# Orbital sander seems to be slow.



## Gweedz (Jul 6, 2010)

I bought a PC 5" sander used in very good condition, however I'm not sure if it's working properly.
I attached a new 120grit disc and tried sanding a 2"x10" piece of pine. It took about 5 minutes to sand about 1/16-1/8 deep, which to me is very slow. I noticed the disc wasn't spinning really fast, maybe 200 RPM and I could actually stop it spinning with my hand or if I pushed too hard (but it would still be orbiting). Is this normal? I never used an orbital sander before so I'm not sure if something is wrong or maybe 120 grit is not course enough to make a fast cut.


----------



## cbsjoez1935 (Mar 14, 2007)

Guido,
I am not farmiliar with the PC 5" orbital sander, but because you said you bought it "used" sends up flags. You should not be able to stop a spinning disk with your hand, unless you have a very very large and strong hand with big callouses. Does this sander have a select speed switch somewhere? If not, you may have to bring it to a PC repair shop for some work. Not too bad if you bought it at a low price. Sorry I could not be of more help. A side note---check the brushes.
Joe Z.


----------



## BearLeeAlive (Mar 22, 2010)

Guido, to me this sounds like normal operation. If you press hard enough, yes the spinning action of the pad can be stopped, but the elliptical motion should not. This simply means you are pressing too hard. Like any sander, you should pretty much let the weight of the tool do the work, and only apply light pressure at the most.

1/16-1/8" of material removal is a lot to ask of a 5" ROS. Yes, it will do it if you sand long enough, but this is not its intended purpose. It is meant to smooth out imperfections on a surface.

For better material removal first use a plane, or planer, and then sand.

You did mention the sandpaper was new, but 5 minutes of use is likely beyond the useful life of the paper. Always change to fresh sandpaper when it's cutting action decreases, as the performance will be drastically affected.
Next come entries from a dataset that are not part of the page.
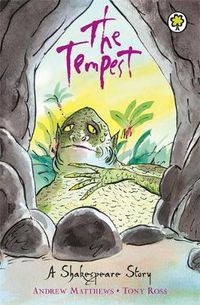 Cover image for A Shakespeare Story: The Tempest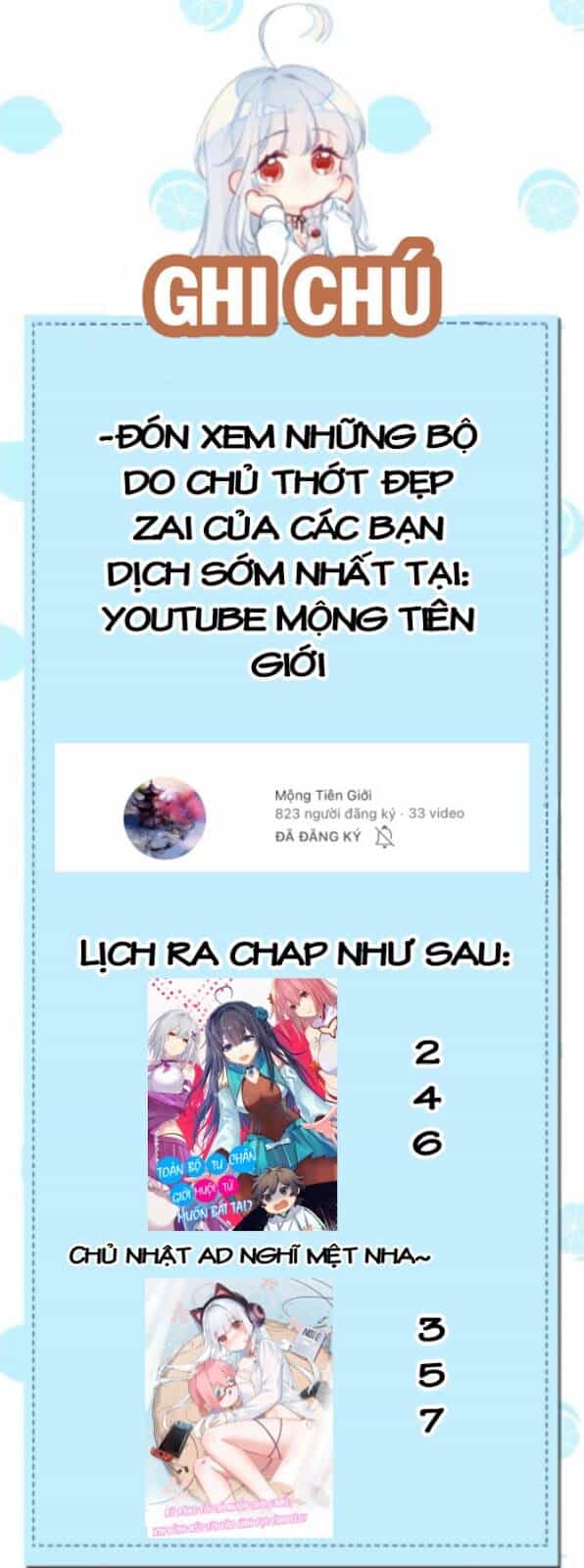 Toàn Bộ Tu Chân Giới Muội Tử Muốn Bắt Ta - Chương 85 - ảnh 36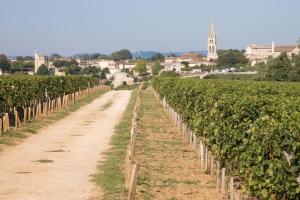 Foto da galeria de Les Clefs de Troplong Mondot em Saint-Émilion
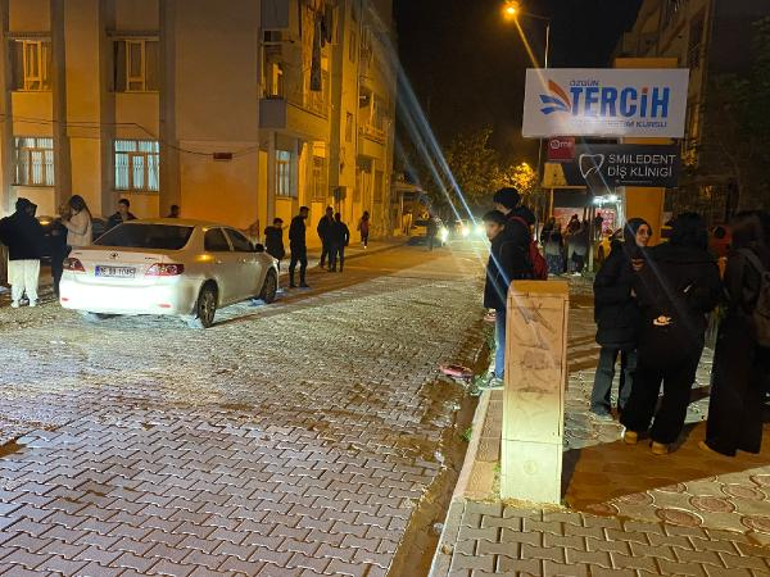 Malatyada 3 dakika arayla 5.2 ve 4.7 büyüklüğünde deprem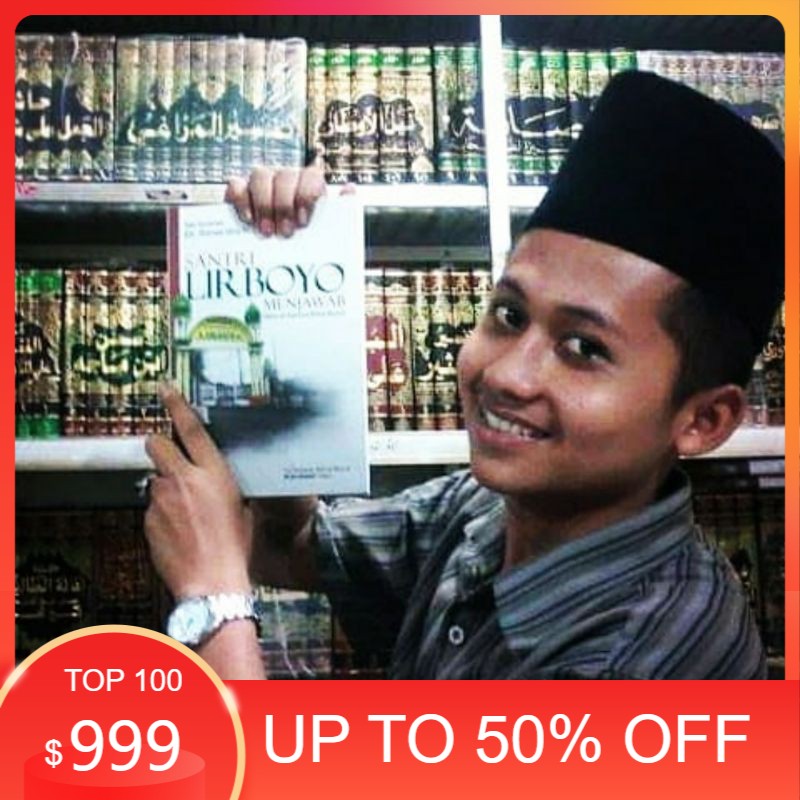 Buku Santri Lirboyo menjawab
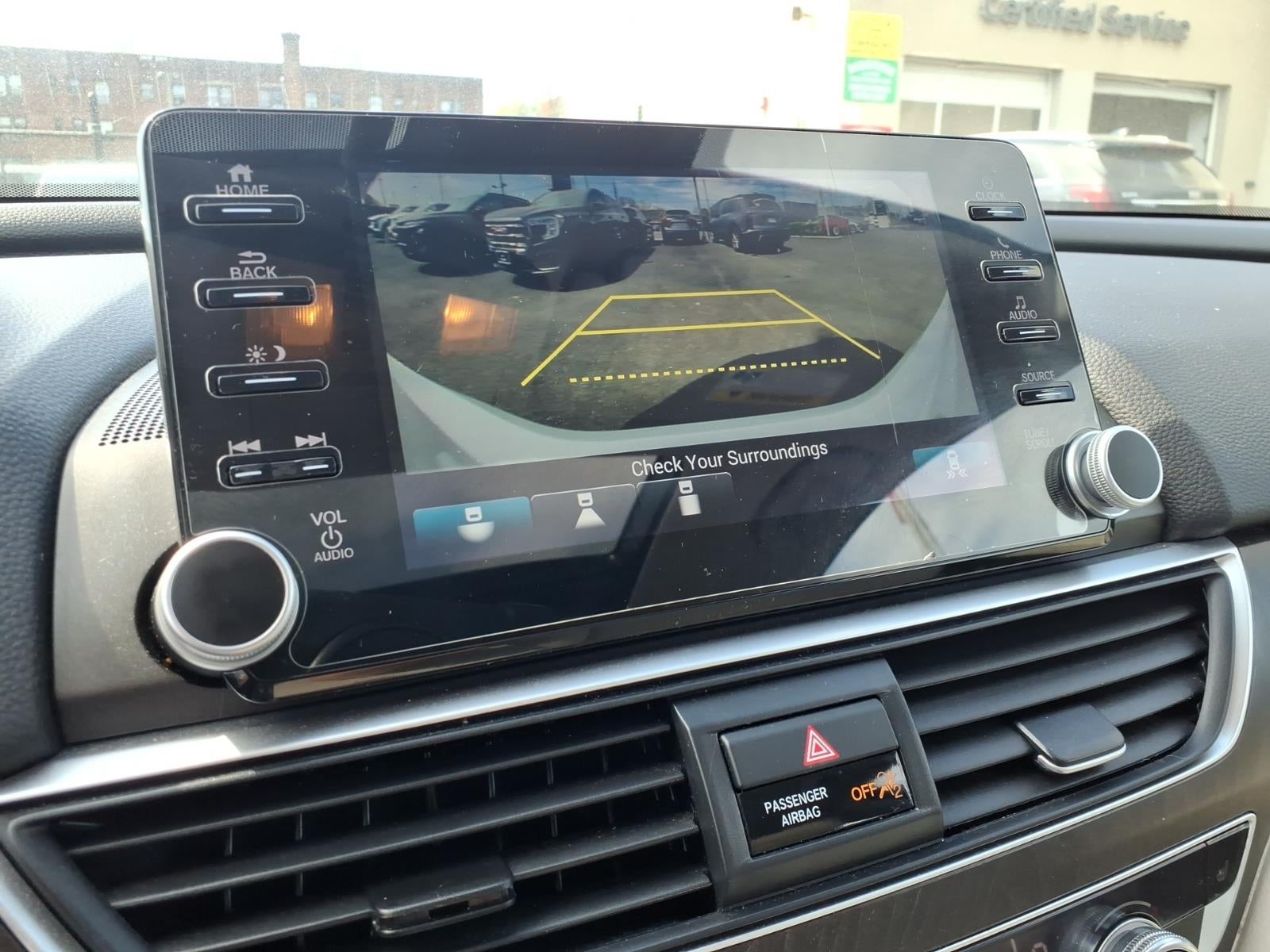 2020 Honda Accord Sedan EX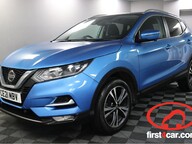Nissan Qashqai DIG-T N-CONNECTA 1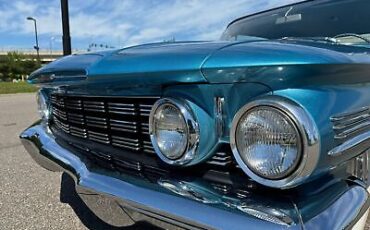 Oldsmobile-Dynamic-88-Cabriolet-1960-Blue-Blue-63381-10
Many 6" ROS's will take material off way faster than most 5" models, though I much prefer the one handed use that the 5" offers.


----------



## levon (Sep 14, 2008)

Jim is dead on with his post! it sounds like a normal ros to me.


----------



## Gweedz (Jul 6, 2010)

Thanks Jim, you offer many good tips in your post. One thing I didn't know is the paper would last so short of time (I planned on sanding an entire picnic table with this... may have to rethink that now). I thought 1/16" was nothing for this thing... time to sharpen the ol' hand plane.


----------



## BigJimAK (Mar 13, 2009)

Well Guido.. That much thickness is a job for a plane or a belt sander. I've got an old Cr*psman 4"x21" BS and some 18 grit belts I use for "power planing". Also, if you're trying to hog off material like that, 120 grit is way too fine, IMO. If you decide to use the ROS 'd recommend picking up a box or 60, or even 40 grit to take off the bulk, then move to finer grit.


----------



## drasbell (Feb 6, 2009)

sounds to me like a normal ros sander to me as well.. 1/16th -1/8th " is a job for a good belt sander, then you go with your ros and start with 120g and work up to 220 or finer and finish with a good block sander with 220 to get the swirl marks out left by the ros


----------



## Mike (Nov 22, 2004)

Guido, is this an electric or air sander? If this is an air tool a few drops of Marvel Air Tool Oil in the tool before you start will amaze you. Next, is the sander locked for circular sanding or set for random orbit? Heavy sanding requires the circular setting. To remove that much material I would start with a 36 grit and progress to 50, 80, 120, 180 and then switch to random orbit with 220. As others have mentioned you would get quicker results with a belt sander on a large project like a picnic table.
Now the big money saving tip: with any sand paper you can extend the life by cleaning it with a sanding belt cleaner. These come as sticks about 1-1/2 x 1-1/2 x 8" and sell for $5.99 at HF. When your belt, disk or paper loads up a few quick swipes and it is clean and like new. These sticks are similar to an art gum eraser. You can extend your papers life by about 5 times making this a real time saver and great value. You can also buy them from PC dealers at a higher price.


----------



## del schisler (Feb 2, 2006)

I have a 6" RO sander and i can't stop it I can push down hard and it will slow down but not stop I belive i would take to a repair shop Or call and ask the pro repair And see their answare ?


----------



## Gweedz (Jul 6, 2010)

I found this on the Porter Cable website:



Pad rotation speed on a Porter-Cable random-orbit sander will normally vary from zero to a few hundred rpm (in either direction), depending upon existing conditions. These variations provide the random sanding action that is very desirable in wood finishing operations.

The sanding pad rotation is free-floating. The sander motor has no direct connection to make the sanding pad spin. The sander motor turns a counter-weight (eccentric housing), to which the sanding pad is attached through a ball bearing (or bearings on some models). That bearing is mounted off-center to the axis of the counter-weight.

As the motor rotates the counter-weight, the center of the sanding pad moves in a small circle around the axis of the counter-weight. The sanding pad is free to rotate on the ball-bearing, in reaction to friction created between the pad and the work piece. Some models also include a pad brake feature to limit maximum pad speed. This brake consists of an o-ring that provides resistance to pad rotation.

The speed and direction of pad rotation will vary depending on the amount and specific location of the friction created. Several factors affect friction and resulting pad rotation, such as: sandpaper grit & condition, the hardness of the work piece, the angle and amount of applied pressure.


----------